L’auteur de cet article énonce les règles qui selon lui
devraient être appliquées pour d’un coté préserver la susceptibilité de
certains et pour d’autre coté satisfaire un minimum de liberté d’expression. Aussitôt
on se dit qu’à l’évidence l’énoncé de nombreux faits historiques risque de
heurter la sensibilité des uns ou des autres – donc il faudrait censurer la
recherche historique…
En respectant la règle de ne pas nommer certains personnages
historiques, comme le souhaiterait l’auteur de cet article, la suite du présent
commentaire devraient avoir le droit de figurer ici, à la suite de son article …
Sans nommer qui que ce soit énonçons sous forme d’hypothèse certains
comportements et voyons à quel groupe de personnes cela pourrait s’appliquer et
quels mots conviendraient pour qualifier ce groupe.

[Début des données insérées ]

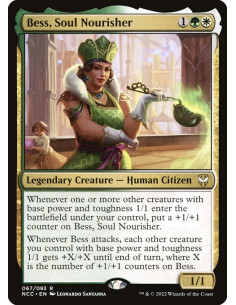 Bess, Soul Nourisher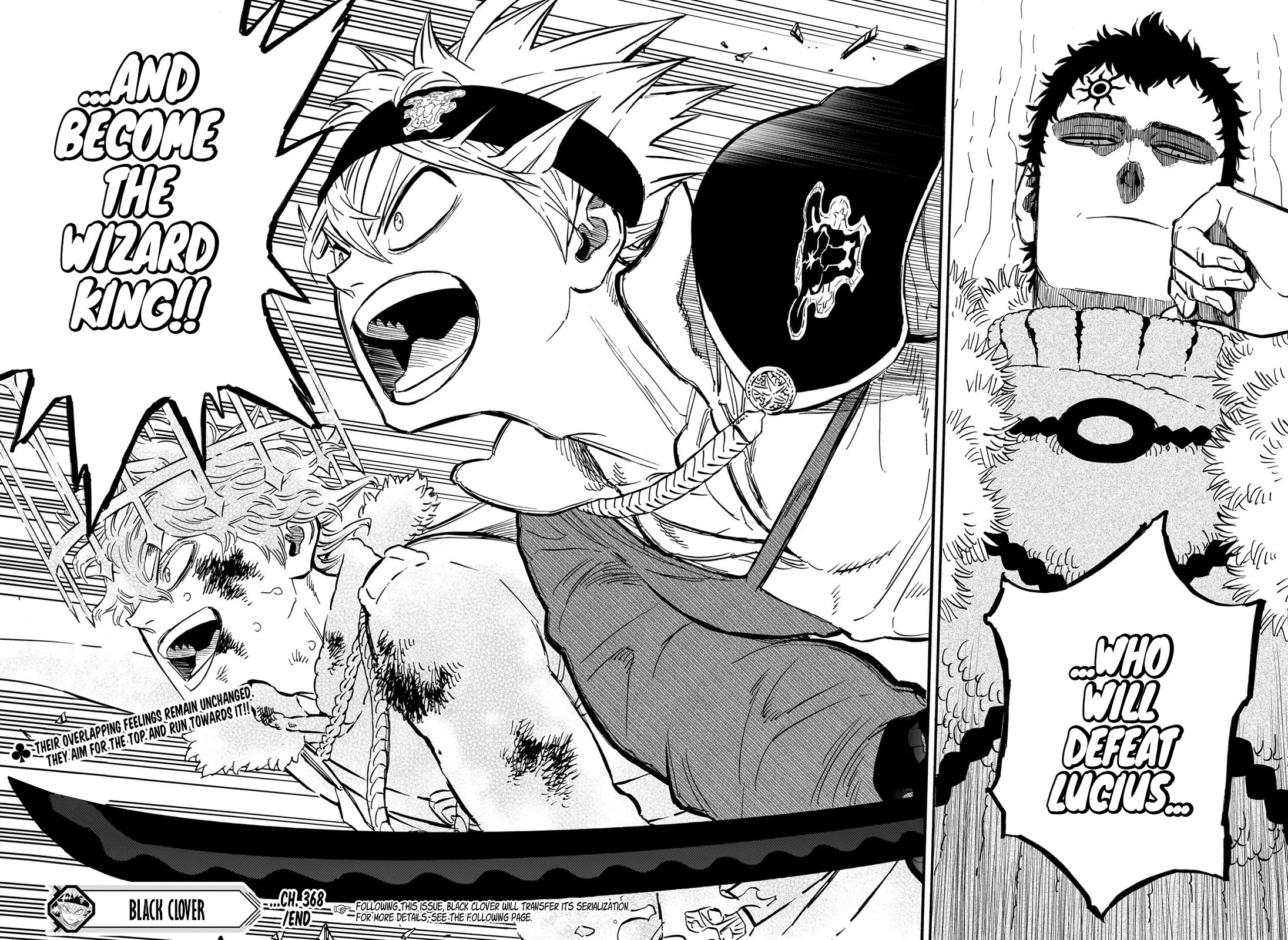 BLACK CLOVER Chapter 368 - Page 14 in English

Imaginons un « mouvement spirituel » qui aurait été
propagée par son fondateur en appliquant la violence meurtrière. Imaginons
qu’il y ait des faits historiques : dès les origines de ce
« mouvement spirituel » il a été propagé par les actions guerrières, avec
mises à mort, mises en esclavage et vols que pratiquait personnellement, les
armes à la main, son fondateur. Par ces moyens violents, et en le justifiant
auprès de ses adeptes par « la voix de Dieu », qui lui aurait dicté les
règles lui permettant d’agir ainsi, il s’est notamment constitué un groupe
d’esclaves sexuelles sélectionnées parmi les vaincus. Imaginons que ce « mouvement
spirituel » pratique un rite annuel, qui se déroule dans le contexte
familial, en présence notamment d’enfants, dans une ambiance de grande allégresse,
où les enfants sont donc entrainés à se réjouir lorsqu’un animal est mis à mort
pas égorgement.
Tout ce qui vient d’être décrit correspondrait de nos jours
à la description d’une secte satanique et de son fondateur.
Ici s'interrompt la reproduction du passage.